Kasus Penganiayaan Mandek, Massa Desak Polrestabes Medan Segera Bertindak

Kasus Penganiayaan Mandek, Massa Desak Polrestabes Medan Segera Bertindak
Aksi unjuk rasa dari Forum Aktivis Peduli Keadilan Sumatera Utara di depan Gedung DPRD Sumut Senin (6/4). Waspada.id/ist
Kecil Besar
14px

MEDAN (Waspada.id): Kinerja Polrestabes Medan kembali dipertanyakan. Penanganan kasus dugaan penganiayaan yang dilaporkan sejak September 2025 hingga kini belum menunjukkan kejelasan, memicu aksi unjuk rasa dari Forum Aktivis Peduli Keadilan Sumatera Utara di depan Gedung DPRD Sumut  Senin (6/4).

Dalam aksinya, belasan massa menilai aparat penegak hukum terkesan lamban dan tidak transparan dalam menangani perkara tersebut. Mereka menuntut kepolisian segera menuntaskan kasus yang dinilai berlarut-larut tanpa kepastian hukum bagi korban.

Koordinator aksi, Rizal Lubis, mengungkapkan, keluarga korban hingga kini masih menunggu perkembangan signifikan atas laporan polisi dengan nomor LP/B/3321/IX/2025/SPKT/Polrestabes Medan. Menurutnya, proses hukum berjalan tidak sebagaimana mestinya.

“Sudah berbulan-bulan, tapi belum ada kejelasan. Ini menimbulkan tanda tanya besar di tengah masyarakat,” ujarnya.

Ia menjelaskan, dalam perkara tersebut, satu tersangka berinisial PS memang telah dinyatakan lengkap (P21). Namun anehnya, berkas perkara tersebut belum juga dilimpahkan ke Kejaksaan Negeri Medan.

Di sisi lain, tiga tersangka lainnya berinisial LS, WOP, dan SP yang telah ditetapkan sebagai daftar pencarian orang (DPO) hingga kini belum juga berhasil diamankan.

Perkara ini sendiri bermula dari dugaan pencurian di sebuah toko ponsel di kawasan Pancur Batu pada 22 September 2025 yang melibatkan Gleen Dito Ompusunggu dan Rizki Kristian Tarigan.

Sehari kemudian, situasi berkembang menjadi dugaan tindak pidana penganiayaan secara bersama-sama yang terjadi di Hotel Crystal. Dalam peristiwa itu, kedua korban disebut mengalami kekerasan fisik dan sempat dibawa dalam kondisi terikat.

Tak hanya itu, dalam rangkaian kejadian tersebut juga ditemukan kepemilikan senjata tajam pada salah satu pihak yang terlibat. Meski demikian, hingga saat ini proses hukum dinilai berjalan timpang karena baru satu tersangka yang diproses, sementara lainnya masih bebas.

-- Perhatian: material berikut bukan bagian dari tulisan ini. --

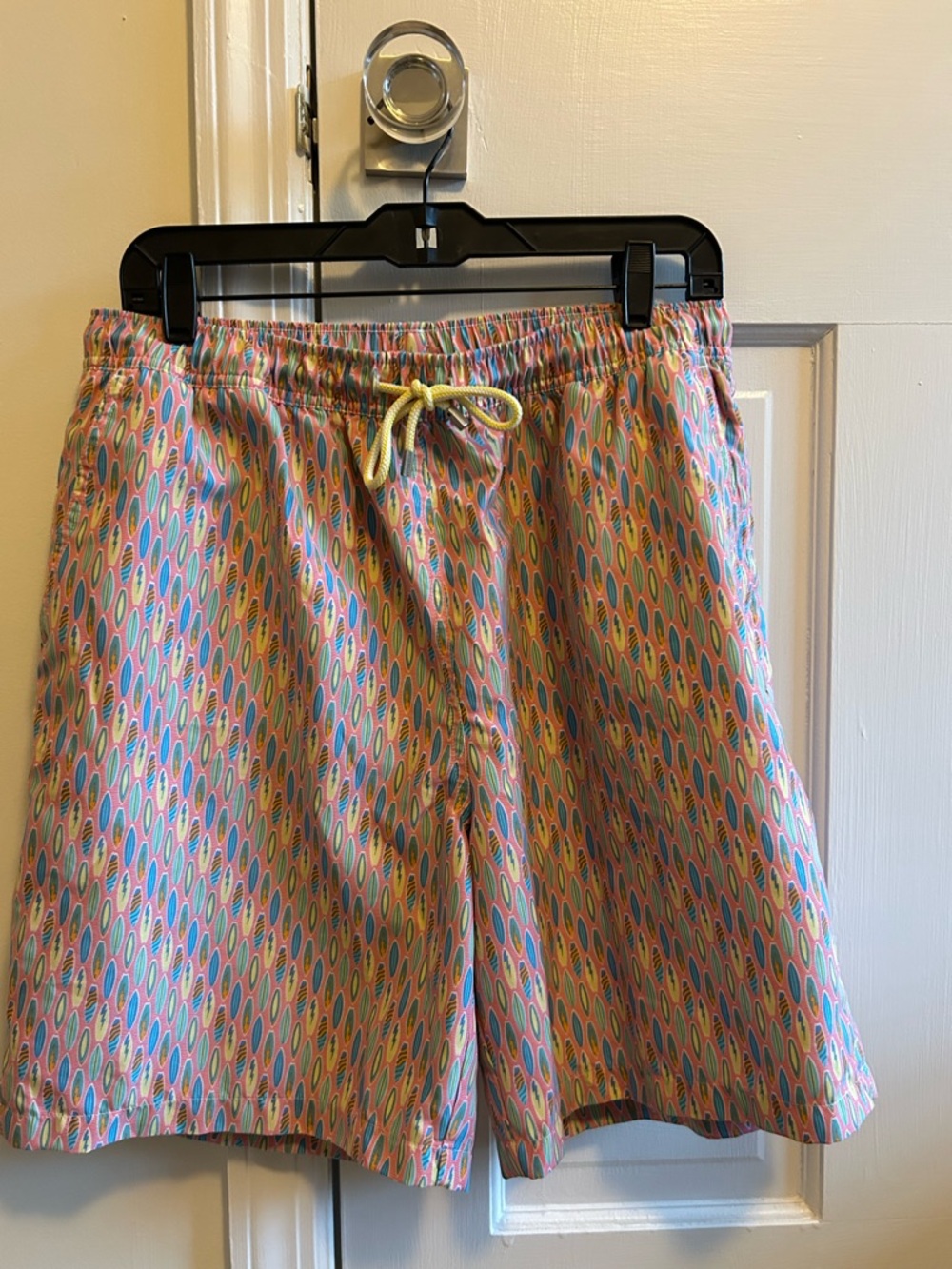 Peter Millar Pastel Multi-Color Surfboard Swim Trunks with Yellow Drawstring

Desak Penegakan Hukum Tanpa Diskriminasi

Rizal menegaskan, kondisi ini berpotensi mencederai rasa keadilan dan merusak kepercayaan publik terhadap aparat penegak hukum.

“Kami mendesak kepolisian bertindak profesional dan tidak tebang pilih. Tangkap para DPO dan segera limpahkan berkas yang sudah P21. Jangan ada kesan pembiaran,” tegasnya.

Selain itu, massa juga meminta DPRD Sumatera Utara turun tangan mendorong percepatan penanganan kasus tersebut. Mereka turut mendesak Kapolrestabes Medan, Kasat Reskrim, serta Kejaksaan Negeri Medan untuk bekerja lebih serius dan transparan.

Pengawalan juga diminta kepada Kapolda Sumut dan Kejati Sumut agar proses hukum berjalan sesuai aturan dan tidak menimbulkan spekulasi liar di tengah masyarakat.

Aksi berlangsung tertib dengan pengamanan dari aparat kepolisian. Perwakilan massa kemudian diterima oleh Kasubbag Humas dan Protokol DPRD Sumut, M. Sofyan Tanjung, yang berjanji akan menyampaikan seluruh aspirasi kepada pimpinan dewan.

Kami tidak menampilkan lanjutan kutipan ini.